Retornam os problemas de tradução que colocam legendas em inglês no lugar daquelas em português, com erros e momentos em que os subtítulos simplesmente não aparecem, deixando os jogadores sem saber o que está acontecendo. As quedas na taxa de quadros por segundo retornam com frequência e, pelo menos na versão PS4, é possível ver, em alguns momentos, indicações de comandos referentes às versões PC e Xbox One.
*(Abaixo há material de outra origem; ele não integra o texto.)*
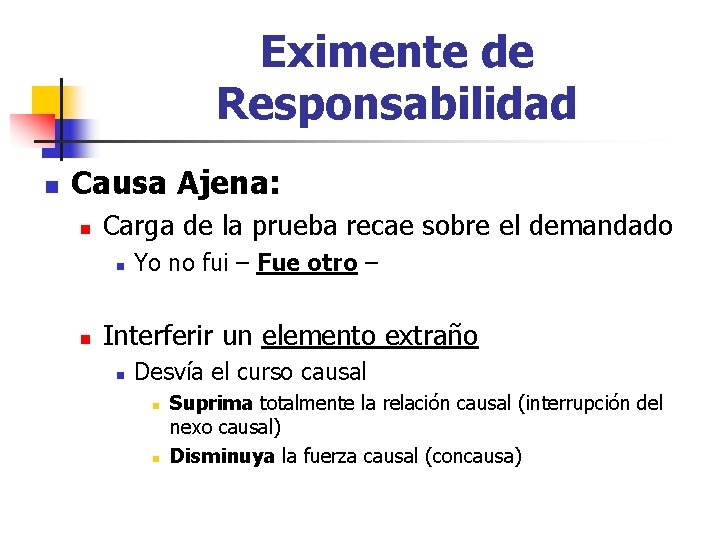 Eximente de Responsabilidad n Causa Ajena: n Carga de la prueba recae sobre el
Mais do que uma engine que está datada já há alguns anos, Batman: The Telltale Series traz sinais graves de que o ritmo acelerado de lançamentos está deixando sua marca sobre a qualidade. Ao se transformar em uma verdadeira padaria de jogos, com títulos lançados um após o outro, a produtora parece estar deixando o cuidado e o polimento de lado, um fator que, no futuro, pode acabar minando um bocado do trabalho feito até aqui.
Felizmente, isso ainda não acontece aqui, mas somente porque a história construída é forte o suficiente para se sobressair. Mesmo com um gancho previsível, o final da temporada é suficiente para que o jogador fique ansioso pela segunda temporada. Afinal de contas, o que temos agora é um Batman amadurecido e reconhecido como um herói. Do outro lado, um de seus principais inimigos, livre, solto e com um plano.
O jogo foi analisado no PlayStation 4.